SOURCE INFORMATION:

····················

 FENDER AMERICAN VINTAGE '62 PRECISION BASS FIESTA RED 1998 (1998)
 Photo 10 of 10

····················

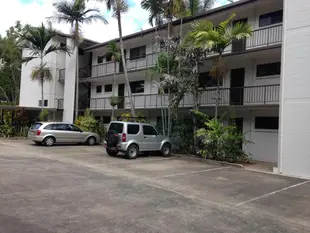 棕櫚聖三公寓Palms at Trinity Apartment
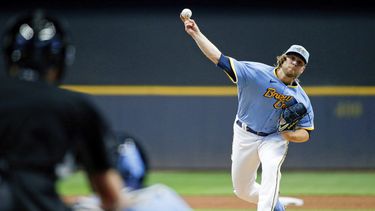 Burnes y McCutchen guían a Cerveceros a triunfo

····················

TASK DIRECTIONS: Every line above from the line with "FENDER AMERICAN VINTAGE" to the line with "Photo 10 of 10" is wanted, ends included; write them out exactly and add no other line.

ANSWER BELOW:
 FENDER AMERICAN VINTAGE '62 PRECISION BASS FIESTA RED 1998 (1998)
 Photo 10 of 10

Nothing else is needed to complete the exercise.